Your goal >> The full listing, start to finish: write it out again exactly.

Records for the exercise >>

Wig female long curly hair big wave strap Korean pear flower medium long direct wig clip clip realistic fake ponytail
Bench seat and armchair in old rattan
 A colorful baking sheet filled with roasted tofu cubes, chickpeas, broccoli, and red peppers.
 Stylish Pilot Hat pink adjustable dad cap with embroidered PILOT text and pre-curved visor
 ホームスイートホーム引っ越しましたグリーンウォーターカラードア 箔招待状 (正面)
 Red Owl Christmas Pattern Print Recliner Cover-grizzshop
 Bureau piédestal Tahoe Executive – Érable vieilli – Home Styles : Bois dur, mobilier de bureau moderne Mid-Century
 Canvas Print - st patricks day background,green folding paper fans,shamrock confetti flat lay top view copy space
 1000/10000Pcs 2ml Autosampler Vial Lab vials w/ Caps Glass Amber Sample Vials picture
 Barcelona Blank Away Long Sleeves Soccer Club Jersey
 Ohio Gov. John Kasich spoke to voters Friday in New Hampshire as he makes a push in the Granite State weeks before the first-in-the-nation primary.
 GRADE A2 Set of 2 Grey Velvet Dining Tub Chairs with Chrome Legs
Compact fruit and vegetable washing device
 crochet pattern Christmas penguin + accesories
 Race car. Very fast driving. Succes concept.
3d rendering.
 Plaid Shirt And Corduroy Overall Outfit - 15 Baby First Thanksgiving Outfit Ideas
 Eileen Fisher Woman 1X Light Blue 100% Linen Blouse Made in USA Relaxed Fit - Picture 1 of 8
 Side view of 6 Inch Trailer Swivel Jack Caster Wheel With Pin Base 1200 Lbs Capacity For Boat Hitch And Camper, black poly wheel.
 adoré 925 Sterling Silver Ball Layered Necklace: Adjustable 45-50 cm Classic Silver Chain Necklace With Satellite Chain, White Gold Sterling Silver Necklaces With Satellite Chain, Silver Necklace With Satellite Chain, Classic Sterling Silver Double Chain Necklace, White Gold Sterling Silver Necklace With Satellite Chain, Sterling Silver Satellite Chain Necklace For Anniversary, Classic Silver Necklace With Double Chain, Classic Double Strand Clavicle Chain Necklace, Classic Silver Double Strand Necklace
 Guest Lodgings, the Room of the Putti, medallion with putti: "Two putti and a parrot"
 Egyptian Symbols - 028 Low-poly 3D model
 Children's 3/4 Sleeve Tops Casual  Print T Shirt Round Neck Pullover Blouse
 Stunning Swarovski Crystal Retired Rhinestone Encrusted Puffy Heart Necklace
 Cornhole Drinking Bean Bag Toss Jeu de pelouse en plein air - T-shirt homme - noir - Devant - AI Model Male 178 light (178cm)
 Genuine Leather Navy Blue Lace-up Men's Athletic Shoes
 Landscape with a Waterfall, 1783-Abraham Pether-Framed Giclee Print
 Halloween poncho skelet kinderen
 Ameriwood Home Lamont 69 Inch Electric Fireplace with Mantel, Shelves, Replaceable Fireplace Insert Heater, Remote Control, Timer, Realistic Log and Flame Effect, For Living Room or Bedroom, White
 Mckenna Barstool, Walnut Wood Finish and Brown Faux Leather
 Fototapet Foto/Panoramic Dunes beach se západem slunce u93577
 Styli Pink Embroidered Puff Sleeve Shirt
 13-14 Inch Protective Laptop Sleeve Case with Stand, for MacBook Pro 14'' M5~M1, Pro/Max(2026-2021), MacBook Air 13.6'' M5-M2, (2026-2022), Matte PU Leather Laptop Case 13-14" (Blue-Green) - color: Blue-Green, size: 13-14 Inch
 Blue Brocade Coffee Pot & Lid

Output for this task >>
Wig female long curly hair big wave strap Korean pear flower medium long direct wig clip clip realistic fake ponytail
Bench seat and armchair in old rattan
 A colorful baking sheet filled with roasted tofu cubes, chickpeas, broccoli, and red peppers.
 Stylish Pilot Hat pink adjustable dad cap with embroidered PILOT text and pre-curved visor
 ホームスイートホーム引っ越しましたグリーンウォーターカラードア 箔招待状 (正面)
 Red Owl Christmas Pattern Print Recliner Cover-grizzshop
 Bureau piédestal Tahoe Executive – Érable vieilli – Home Styles : Bois dur, mobilier de bureau moderne Mid-Century
 Canvas Print - st patricks day background,green folding paper fans,shamrock confetti flat lay top view copy space
 1000/10000Pcs 2ml Autosampler Vial Lab vials w/ Caps Glass Amber Sample Vials picture
 Barcelona Blank Away Long Sleeves Soccer Club Jersey
 Ohio Gov. John Kasich spoke to voters Friday in New Hampshire as he makes a push in the Granite State weeks before the first-in-the-nation primary.
 GRADE A2 Set of 2 Grey Velvet Dining Tub Chairs with Chrome Legs
Compact fruit and vegetable washing device
 crochet pattern Christmas penguin + accesories
 Race car. Very fast driving. Succes concept.
3d rendering.
 Plaid Shirt And Corduroy Overall Outfit - 15 Baby First Thanksgiving Outfit Ideas
 Eileen Fisher Woman 1X Light Blue 100% Linen Blouse Made in USA Relaxed Fit - Picture 1 of 8
 Side view of 6 Inch Trailer Swivel Jack Caster Wheel With Pin Base 1200 Lbs Capacity For Boat Hitch And Camper, black poly wheel.
 adoré 925 Sterling Silver Ball Layered Necklace: Adjustable 45-50 cm Classic Silver Chain Necklace With Satellite Chain, White Gold Sterling Silver Necklaces With Satellite Chain, Silver Necklace With Satellite Chain, Classic Sterling Silver Double Chain Necklace, White Gold Sterling Silver Necklace With Satellite Chain, Sterling Silver Satellite Chain Necklace For Anniversary, Classic Silver Necklace With Double Chain, Classic Double Strand Clavicle Chain Necklace, Classic Silver Double Strand Necklace
 Guest Lodgings, the Room of the Putti, medallion with putti: "Two putti and a parrot"
 Egyptian Symbols - 028 Low-poly 3D model
 Children's 3/4 Sleeve Tops Casual  Print T Shirt Round Neck Pullover Blouse
 Stunning Swarovski Crystal Retired Rhinestone Encrusted Puffy Heart Necklace
 Cornhole Drinking Bean Bag Toss Jeu de pelouse en plein air - T-shirt homme - noir - Devant - AI Model Male 178 light (178cm)
 Genuine Leather Navy Blue Lace-up Men's Athletic Shoes
 Landscape with a Waterfall, 1783-Abraham Pether-Framed Giclee Print
 Halloween poncho skelet kinderen
 Ameriwood Home Lamont 69 Inch Electric Fireplace with Mantel, Shelves, Replaceable Fireplace Insert Heater, Remote Control, Timer, Realistic Log and Flame Effect, For Living Room or Bedroom, White
 Mckenna Barstool, Walnut Wood Finish and Brown Faux Leather
 Fototapet Foto/Panoramic Dunes beach se západem slunce u93577
 Styli Pink Embroidered Puff Sleeve Shirt
 13-14 Inch Protective Laptop Sleeve Case with Stand, for MacBook Pro 14'' M5~M1, Pro/Max(2026-2021), MacBook Air 13.6'' M5-M2, (2026-2022), Matte PU Leather Laptop Case 13-14" (Blue-Green) - color: Blue-Green, size: 13-14 Inch
 Blue Brocade Coffee Pot & Lid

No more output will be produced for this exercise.